◆ Your instructions:
Look for the line containing "NCERT Solutions for" and the line containing "Compresseur, climatisation HELLA" in the entries below. Copy those two and all lines between them exactly, leaving out pictures.

◆ Provided entries:
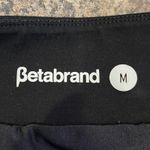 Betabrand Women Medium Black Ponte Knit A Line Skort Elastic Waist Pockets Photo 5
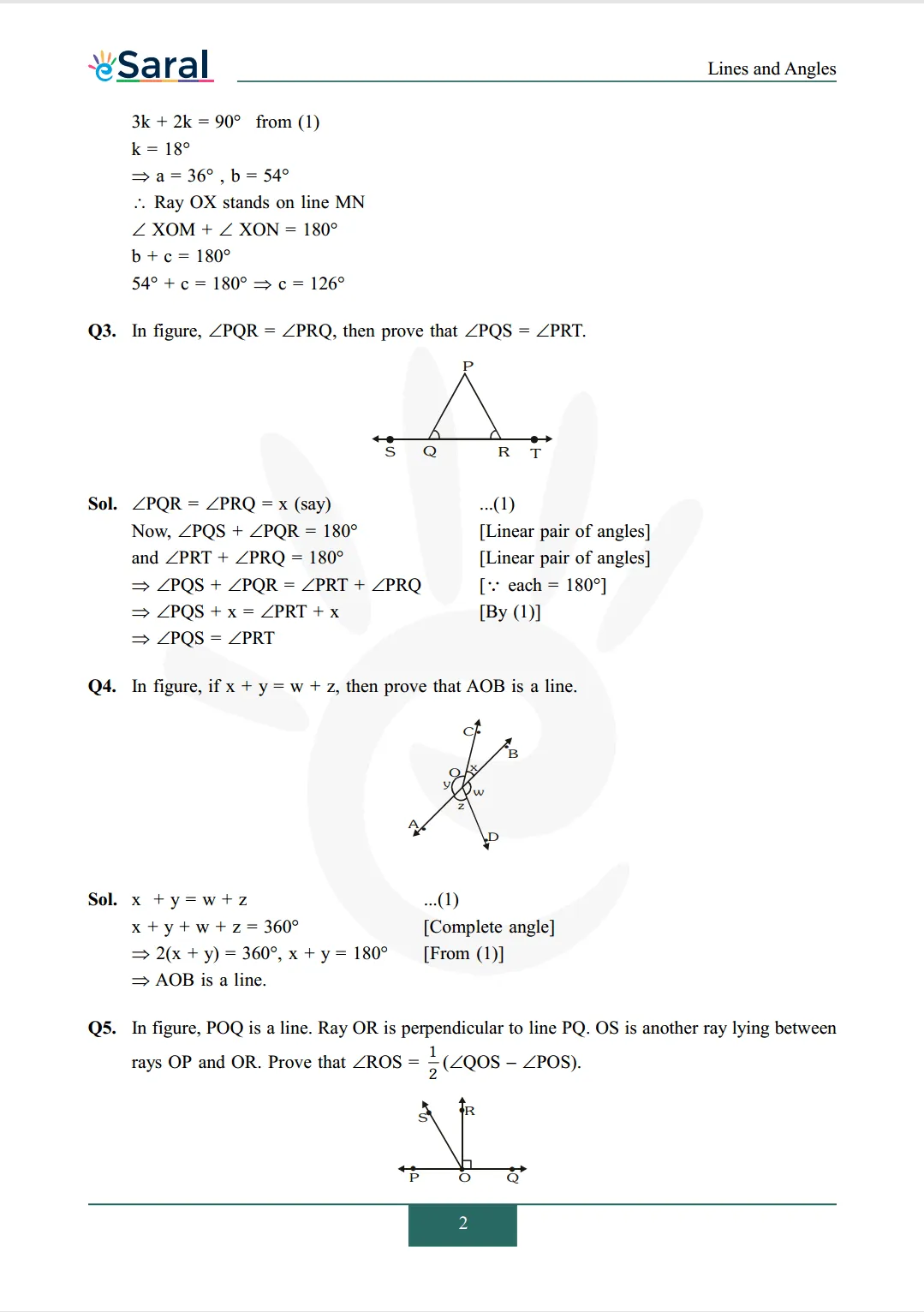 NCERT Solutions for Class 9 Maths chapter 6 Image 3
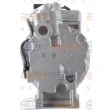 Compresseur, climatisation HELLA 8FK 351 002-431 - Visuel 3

* * *

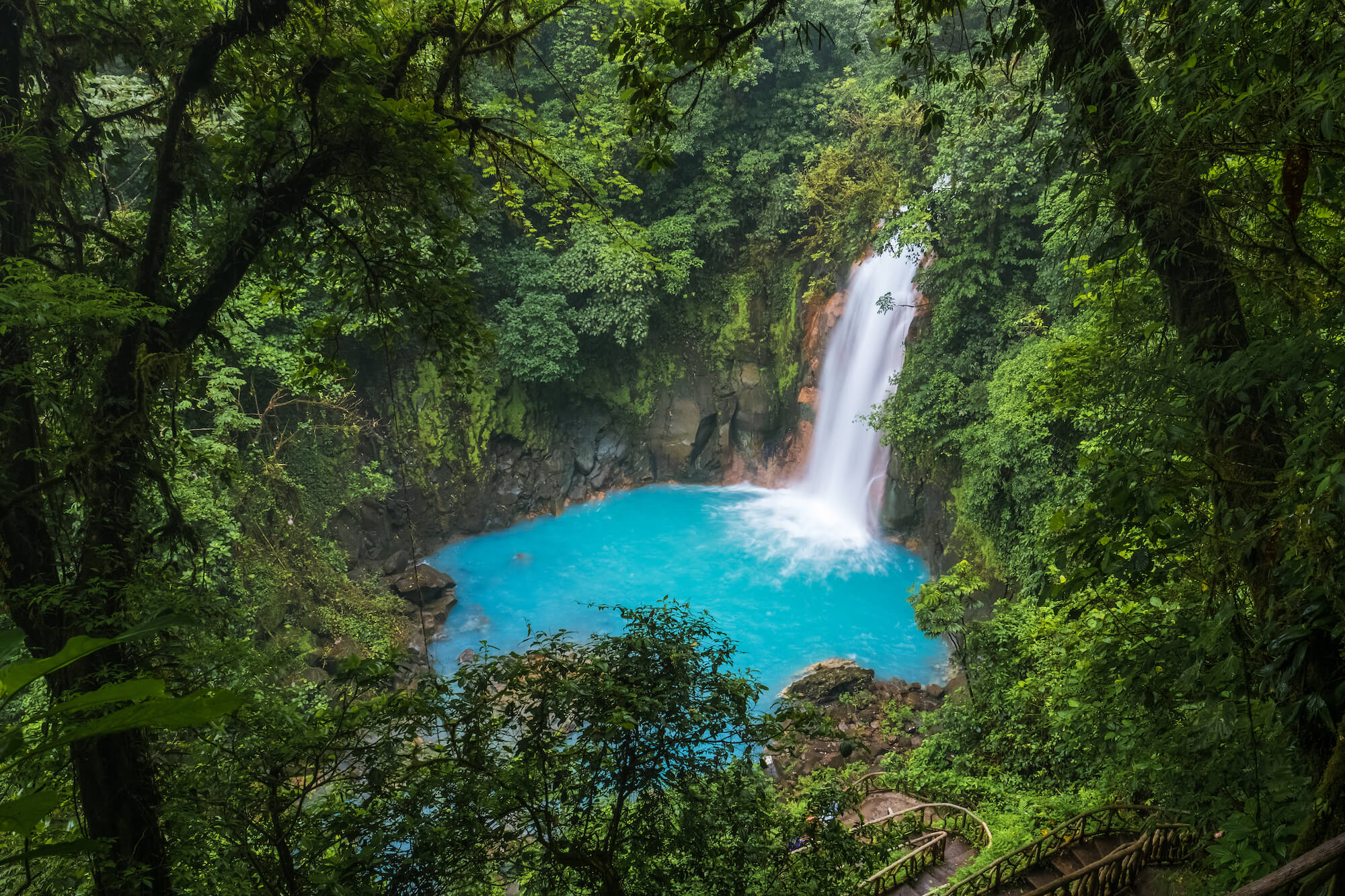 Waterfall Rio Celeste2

◆ Exercise solution:
 NCERT Solutions for Class 9 Maths chapter 6 Image 3
 Compresseur, climatisation HELLA 8FK 351 002-431 - Visuel 3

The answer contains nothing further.